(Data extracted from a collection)
+++

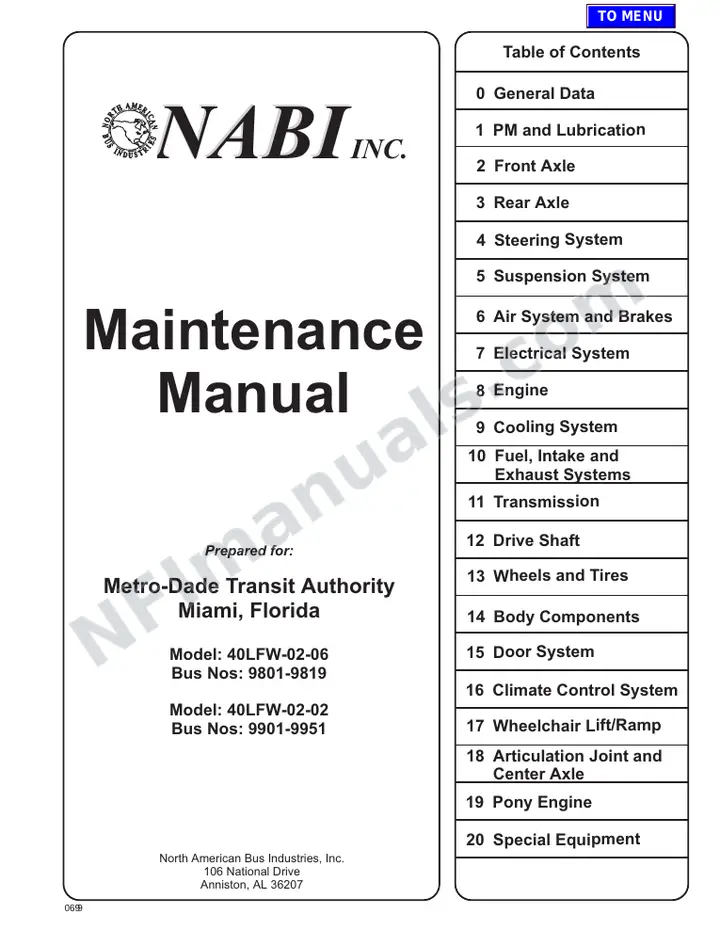 SR9019 (28000) Service Manual, Miami Dade Transit first-page preview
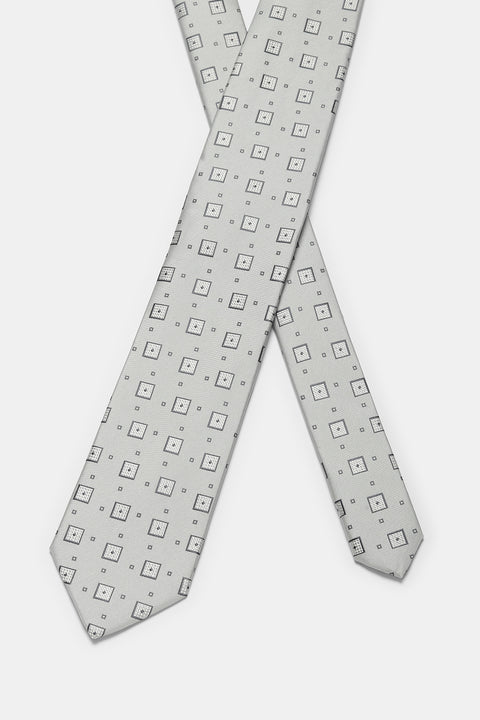 Jacquard Tie 7 cm Gray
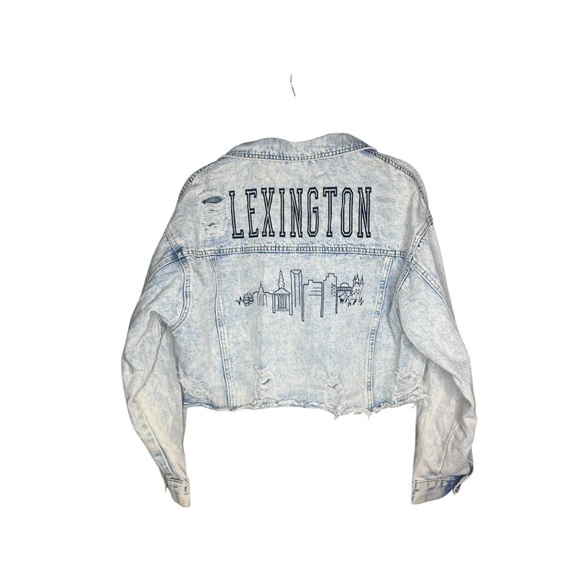 rivalry runway Jackets & Blazers - Rivalry Runway Lexington Kentucky skyline Distressed Denim jacket size medium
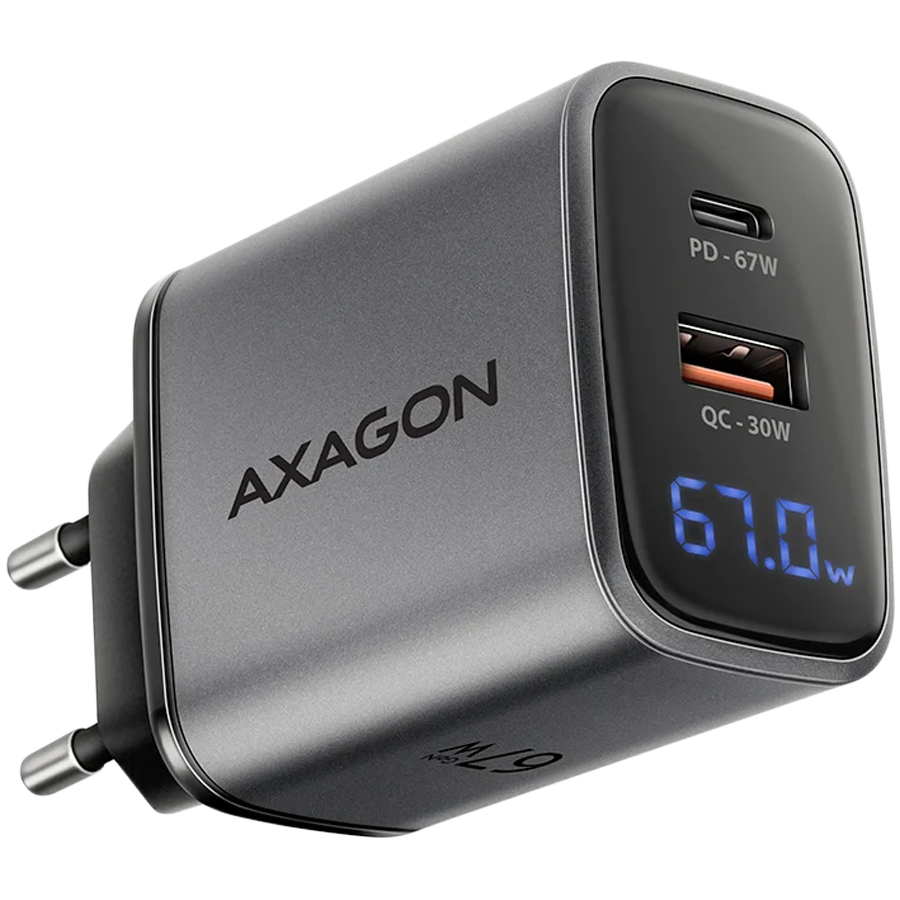 MOBILE CHARGER WALL USB 67W/GAN 2PORT ACU-PQ67D AXAGON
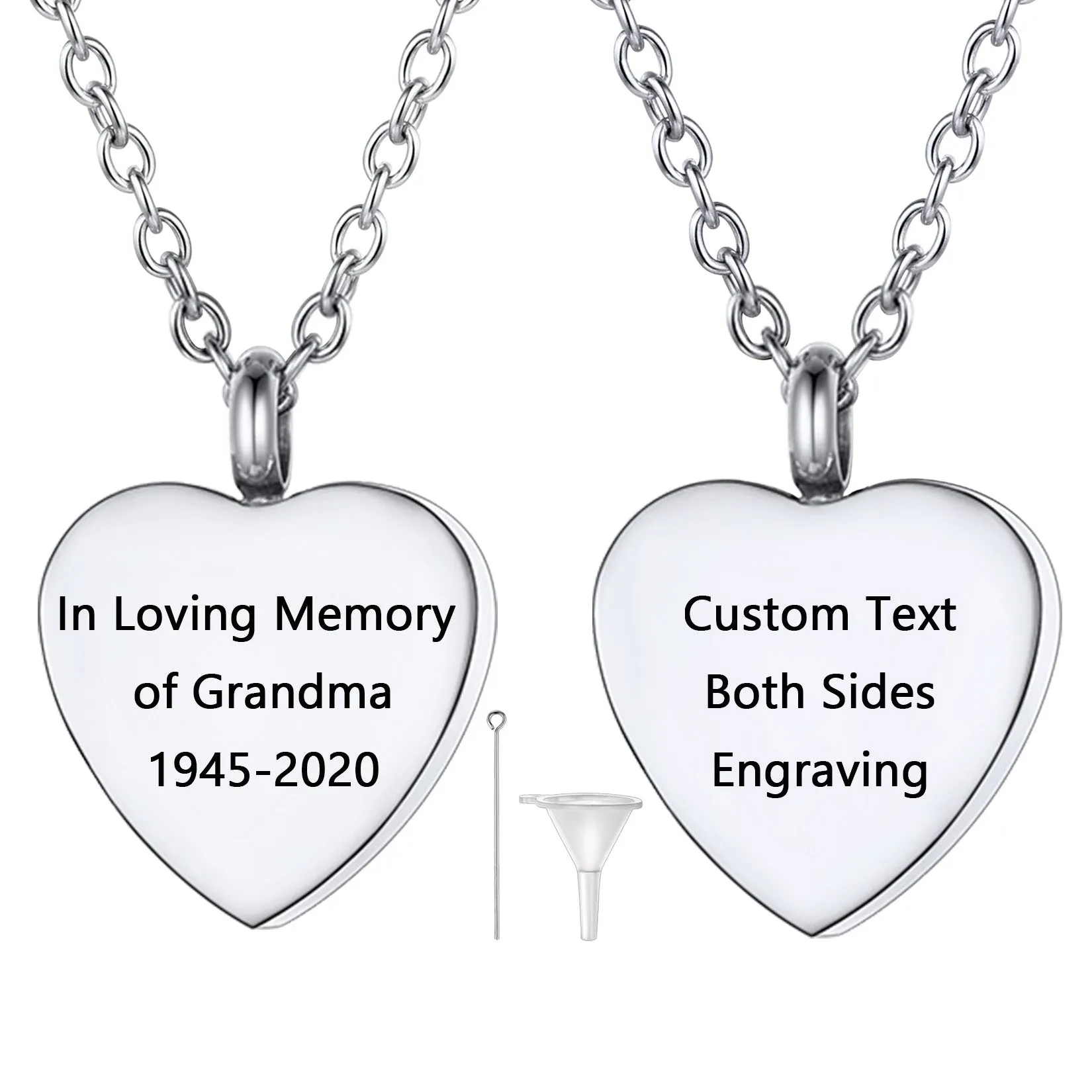 Customized Heart Urn Necklaces for Ashes Cremation Jewelry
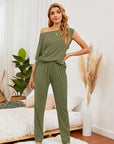 Light Gray Round Neck Top and Pants Lounge Set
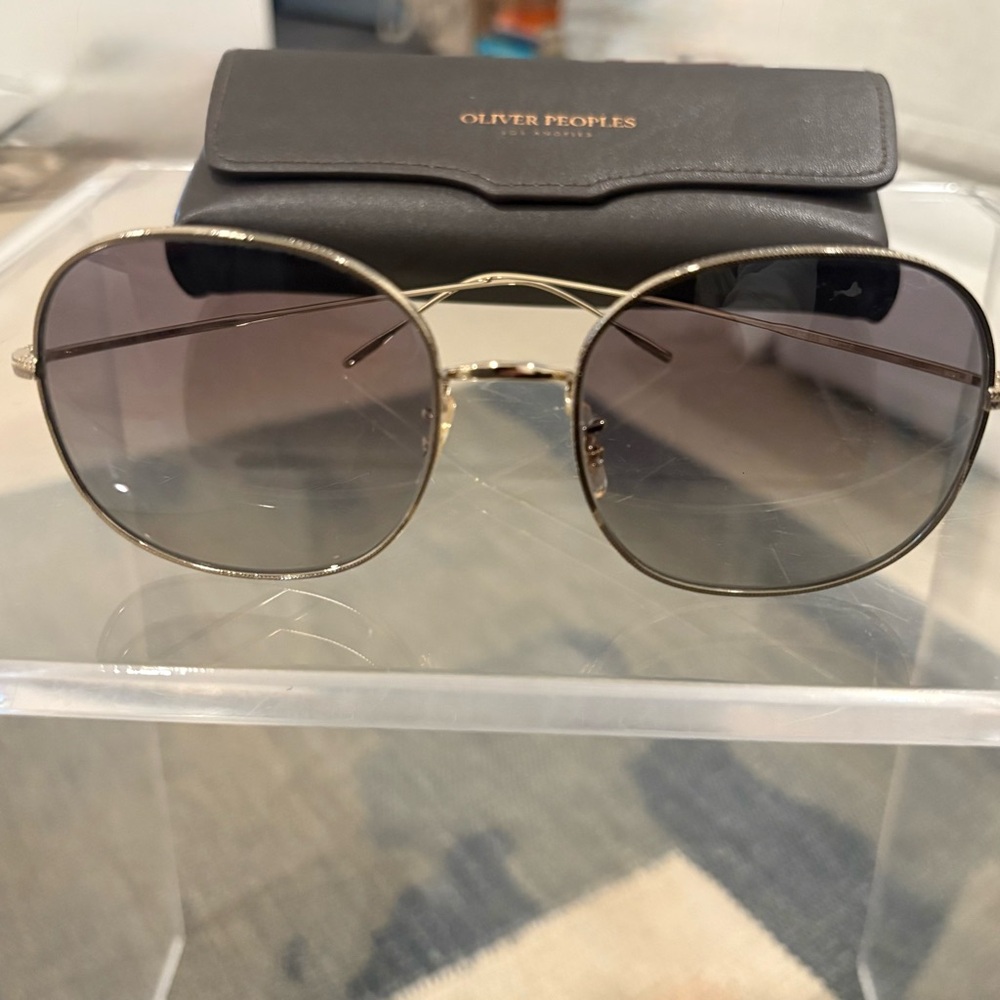 Oliver Peoples Mehrie Sunglasses in Soft Gold and Grey Gradient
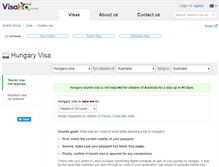 Tablet Screenshot of hungary.visahq.com.au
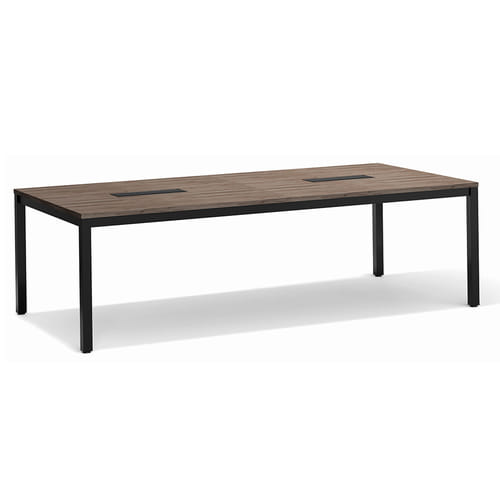 会議用テーブル アイコ AOTBK-2412-72 W2400×D1200×H720(mm) ブラックカラー粉体塗装4本脚テーブル コードホール付きのメイン画像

+++

ACTIVITY –
Write out exactly, and only, the lines from the line holding "Customized Heart Urn" through the end of the data, inclusive, without any pictures.

REPLY –
 Customized Heart Urn Necklaces for Ashes Cremation Jewelry
 Light Gray Round Neck Top and Pants Lounge Set
 Oliver Peoples Mehrie Sunglasses in Soft Gold and Grey Gradient
 Tablet Screenshot of hungary.visahq.com.au
 会議用テーブル アイコ AOTBK-2412-72 W2400×D1200×H720(mm) ブラックカラー粉体塗装4本脚テーブル コードホール付きのメイン画像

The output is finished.